If you will promise me on your honor that no punishment shall be inflicted upon    me for my offense, and I shall be on the same conditions as before, I am willing to return to you again and you never shall have any cause to repent it. I know that I am taking a risk, but knowing you to be a man of honor, even where a slave is concerned, I will place my confidence in you.  X (His Mark)
I remain Your Most Humblest obedient Servant, Isaac Fairfax
                                                I will remain in Niagara with my brother for  your answer.     
            George W. Henderson agreed to the terms in the letter and in September or October of 1846, Isaac Fairfax returned to Henderson Hall.  He remained there until the spring of 1847, when he left again, this time with eight other slaves!  A slave informant reported to Henderson that Fairfax had conspired with David Putnam, Jr., of Marietta to escape on the Underground Railroad, and a court case ensued.


                               SLAVES AND THE SHAWNEE ON THE OHIO FRONTIER
            In the late 1700s the Shawnee Indians were still bitterly contesting the encroachment of white settlers on their tribal lands.  Although the main Shawnee village was located at "Old Chillicothe" on the Mad River just north of present-day Dayton, Ohio, white settlement along the Ohio River had prompted the Shawnee to increase their scouting patrols in the mid-Ohio Valley.  Under the threat of Indian attacks, Isaac Williams, an experienced frontiersman who had served as a scout for George Rogers Clark in the Virginia Militia before the American Revolution, moved with his wife Rebecca to land given to her by her brothers Joseph and Samuel Tomlinson for serving as their housekeeper.  Fort Harmar, which had recently been completed just across the Ohio River at the mouth of the Muskingum, its tributary, in what is now Marietta, Ohio, offered some protection from Indian raids.
            According to a deposition by Joseph Tomlinson in Chancery Court at Clarksburg, Virginia, he and Samuel had cleared four acres of land opposite the Muskingum River at Williams Station (the present-day site of Williamstown, WV) in the spring of 1771.  They erected a log cabin and in Joseph's words, "planted the first corn...raised by civilized man on or about this area."  At that time the Tomlinsons’ Wood County cabin was the only white man's habitation between Grave Creek, Virginia, and Vincennes, Indiana.  Whether or not the Tomlinson brothers were slave-owners before coming to western Virginia is unclear, but Joseph had owned slaves at Grave Creek when the American Revolution broke out in 1776. 
            The Tomlinsons’ brother-in-law Isaac Williams first came downriver to Williams Station in the early spring of 1785, bringing with him a few slaves to clear land and plant crops to sustain the party through the winter.  He returned to his wife at Grave Creek the following year, then on March 24, 1787, came back to Williams Station with Rebecca to stay.  The permanent settlement of Williams Station also included Isaac's slaves and twelve white tenant families.

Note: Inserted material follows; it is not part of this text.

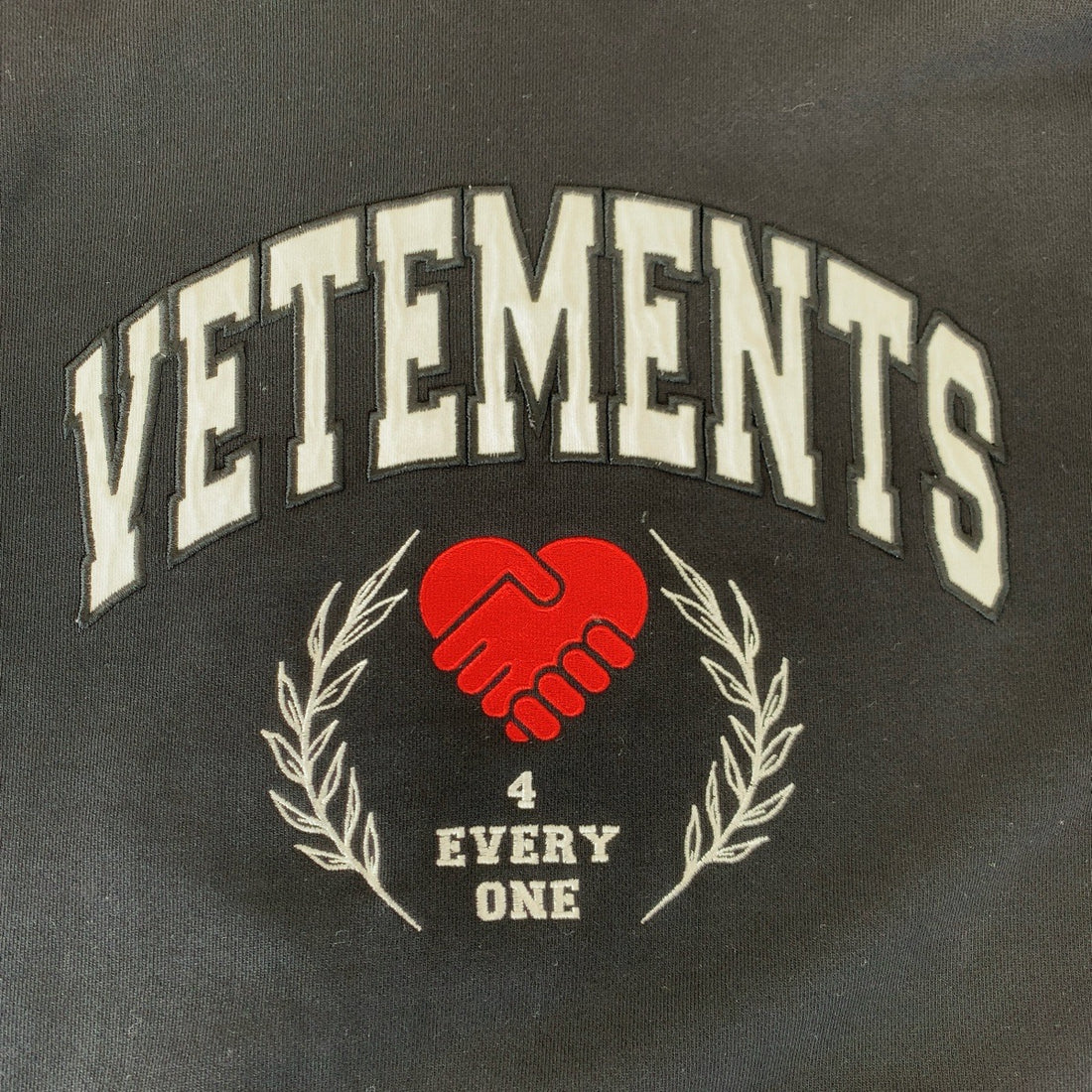 VETEMENTS Solidarity Embroidered Hoodie Black L in Great Condition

            For the next few years, Williams kept a number of slaves working at clearing and planting his land, while he himself spent at least some of his time at his old profession of scouting and tracking Indians.  On one occasion he followed a scouting party of Shawnee who had abducted a teenage girl from a white family who had settled nearby.  Williams traveled down the Ohio River with five other settlers to present-day Little Hocking, where he searched west along the Hocking River for ten miles before he found and rescued the girl and killed the Indians who had taken her.  After hiding from another band of Indians for two days, Williams finally returned the girl to her family.
            Williams, or the labor of his slaves, is also credited with saving the settlement of Marietta during the hard winter of 1788-89 by selling its inhabitants corn.   In 1789 he received a franchise from the state of Virginia to install and operate a ferry between Williams Station and Marietta, and his slave Frank Wycoff often worked the line that pulled the ferry back and forth across the Ohio.

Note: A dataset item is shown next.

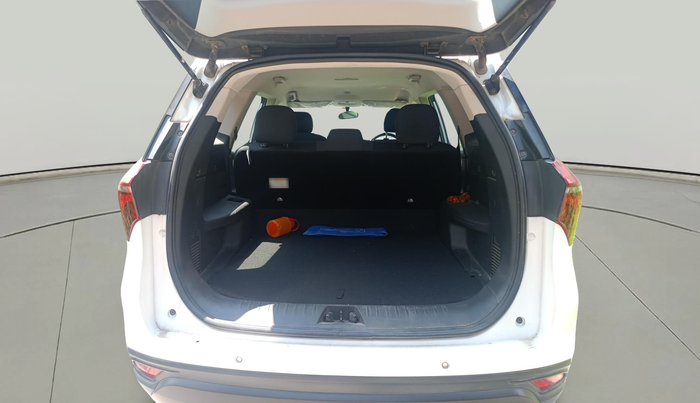 2023 Mahindra XUV700 MX D MT 5 STR, Diesel, Manual, 38,942 km, exterior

            Tecumseh (1768?-1813), the great Shawnee leader who fought against United States expansion in the Midwest in the early 19th century, was born in Old Chillicothe the son of a Shawnee warrior killed fighting white settlers in the Battle of Point Pleasant during Lord Dunmore's War, between the colony of Virginia and the Shawnee and Mingo American Indian nations in 1774.  Isaac Williams was a Virginia Militia scout during that campaign.
            In October of 1791, a scouting party of Shawnee led by the young warrior-chief, who was about 16 at the time, was patrolling along the Ohio River in Wood County, which the Shawnee still claimed.  Seven miles north of Williams Station, Tecumseh and his Shawnee patrol encountered and captured Wycoff, Williams’ young slave.  He had been searching for horses that had wandered off near Kerr's Island (presently Buckley's Island, in the Ohio River adjacent to Marietta).  The Indians traveled with their captive seven miles north to Bull Creek, where they spotted Captain Nicholas Carpenter and five soldiers driving a herd of cattle toward Fort Harmar, which obtained its military supplies from the U.S. Army Supply Depot in Clarksburg.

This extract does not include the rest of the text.